# I need help with a small C++ assignment



## Paschim (Jul 9, 2006)

I need to write a program in c++ to find the saddle point of a matrix, and the order of the matrix should be user defined.Plz can anyone help me?


----------



## vandit (Jul 9, 2006)

Guys dont laugh on this one......

What is the saddle point of the matrix?


----------



## Zeeshan Quireshi (Jul 9, 2006)

well saddle point is a point which is the smallest ion the row and largest in the column of a matrix .


----------



## casanova (Jul 9, 2006)

@vandit
A saddle point is an element of the matrix which is both the smallest element in its row and the largest element in its column is called saddle point.

Dont forget to add to my repo. Here, it is


> #include<iostream.h>
> #include<conio.h>
> 
> void main()
> ...


----------



## shaunak (Jul 12, 2006)

i still didnt understand abt "saddle point" 
in the following array which would b the saddle point?
1 2 3 4
4 3 2 1

as 1 is the smallest element of row1 but of column1 4 is the largest element.
which is the saddle piont?


----------



## casanova (Jul 12, 2006)

Dont have enough idea abt that, came to know abt saddlepoint from wikipidea and did the proggy.
For ur ques, my prog returns 1 as saddle point. But dont know what it shud return. Paschim shud hav a better idea.
As far as I know abt this type of programs, these things are only for special cases
e.g sparse matrix for more zero elements than non-zero elements


----------



## Paschim (Jul 17, 2006)

Actually it should only work with a square matrix.However thx to casanova I hav made a few modifications and all was hunky&dory untill my teach said I had to make it class based proggy.Any help guys??


----------



## casanova (Jul 17, 2006)

^^^
Till wat date do u have to submit the proggy. I wudnt be free till saturday.
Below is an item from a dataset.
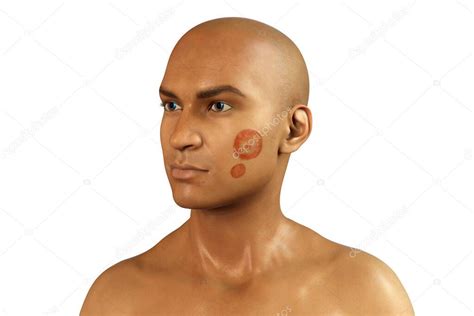 Fungal Infection On A Mans Face 3d Illustration Tinea Faciei Caused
Wat u can do is make a class saddle and a function say find_saddle() in that class and call it. Do post the updated proggy. I will try to make a class based proggy by 2morow night. Cant guarantee though.


----------



## sakumar79 (Jul 17, 2006)

Should the saddle point represent the location of the number (row, column) rather than just the number? In that case, the above program should be tweaked a bit...

Arun


----------



## Paschim (Jul 22, 2006)

sakumar79 said:
			
		

> Should the saddle point represent the location of the number (row, column) rather than just the number? In that case, the above program should be tweaked a bit...
> 
> Arun


Nah... i just need it to display whether the entered matrix has a saddle point or not and if yes display that number.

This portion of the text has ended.